Further, the preferred and exemplary embodiments are illustrated with the latch in a generally horizontal position, and located on the front side of the storage unit (see FIGS. 1 and 2). Alternative embodiments may be constructed with any of a variety of latch orientations and positions according to the desired configuration of the storage unit, latch performance, or manufacturing considerations (see for example, FIGS. 1, 4, and 5). Also, the latch may be located on the cover as in the preferred embodiment (see FIG. 1), or on other components of the storage unit (e.g., the base).
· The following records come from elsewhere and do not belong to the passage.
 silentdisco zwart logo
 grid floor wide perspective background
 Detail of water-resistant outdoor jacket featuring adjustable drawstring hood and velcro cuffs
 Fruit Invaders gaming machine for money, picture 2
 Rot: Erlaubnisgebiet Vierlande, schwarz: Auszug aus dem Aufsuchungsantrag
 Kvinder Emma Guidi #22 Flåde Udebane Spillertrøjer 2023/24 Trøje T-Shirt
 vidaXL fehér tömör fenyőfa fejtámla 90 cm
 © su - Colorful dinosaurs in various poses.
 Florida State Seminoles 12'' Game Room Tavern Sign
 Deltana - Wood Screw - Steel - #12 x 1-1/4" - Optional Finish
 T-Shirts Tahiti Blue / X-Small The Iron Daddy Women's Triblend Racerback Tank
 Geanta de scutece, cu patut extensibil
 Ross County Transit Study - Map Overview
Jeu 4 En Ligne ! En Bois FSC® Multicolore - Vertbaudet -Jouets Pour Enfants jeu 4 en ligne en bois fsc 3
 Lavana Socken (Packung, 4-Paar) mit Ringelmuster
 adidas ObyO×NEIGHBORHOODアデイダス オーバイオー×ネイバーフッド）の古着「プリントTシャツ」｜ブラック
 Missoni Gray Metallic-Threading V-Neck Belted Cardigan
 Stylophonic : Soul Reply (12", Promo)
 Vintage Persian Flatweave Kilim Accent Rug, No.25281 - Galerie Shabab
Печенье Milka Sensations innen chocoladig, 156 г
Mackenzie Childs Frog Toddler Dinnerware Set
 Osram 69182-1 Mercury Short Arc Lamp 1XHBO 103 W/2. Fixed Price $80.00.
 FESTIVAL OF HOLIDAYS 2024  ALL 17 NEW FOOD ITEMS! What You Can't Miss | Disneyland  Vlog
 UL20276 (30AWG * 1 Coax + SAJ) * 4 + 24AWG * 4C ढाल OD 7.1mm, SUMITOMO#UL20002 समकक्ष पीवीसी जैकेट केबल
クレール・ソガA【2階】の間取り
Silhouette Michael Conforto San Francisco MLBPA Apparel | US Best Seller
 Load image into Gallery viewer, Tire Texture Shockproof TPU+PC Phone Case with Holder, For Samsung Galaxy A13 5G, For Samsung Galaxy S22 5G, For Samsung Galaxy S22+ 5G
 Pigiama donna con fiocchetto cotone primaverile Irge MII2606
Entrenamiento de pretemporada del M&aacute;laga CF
Furthermore, the latch shown in the illustrated embodiments is generally elliptical or oval in plan view, but can be circular, square, rectangular or any other shape.
Proceeding now to descriptions of the preferred and exemplary embodiments, FIGS. 1 and 2 show storage unit 10 having a base 16 and cover 12 configured to provide access to an interior (storage) space 18 defined by base 16.
Base 16 includes a bottom wall 20 and sidewalls 22 that define storage space 18. A rim 24 projects from side walls 22 and is further connected by a plurality of ribs 26 between rim 24 and sidewalls 22. Ribs 26 are intended to improve manufacturability and to provide rigidity and support for rim 24. According to alternative embodiments, base 16 may have any of a variety of configurations (e.g., curved, arcuate, cylindrical, multi-sided, etc.).
According to a preferred embodiment as shown in FIG. 3, cover 12 is coupled to base 16 by one or more hinges 28 and one or more latches 14. Hinge 28 may be any of a variety of known pivotal coupling mechanisms that couples cover 12 to base 16. According to alternative embodiments, storage unit 10 does not include hinge 28 but is secured in place with a flange (e.g., a hook) that engages rim 24 of base 16 in an interference fit (e.g., the hook grabs rim 24 on one or more sides of base 16). Alternatively, two or more latches 14 may be placed about the cover (e.g., on opposite sides) such that the user may unlock cover by disengaging latches 14 nearly simultaneously.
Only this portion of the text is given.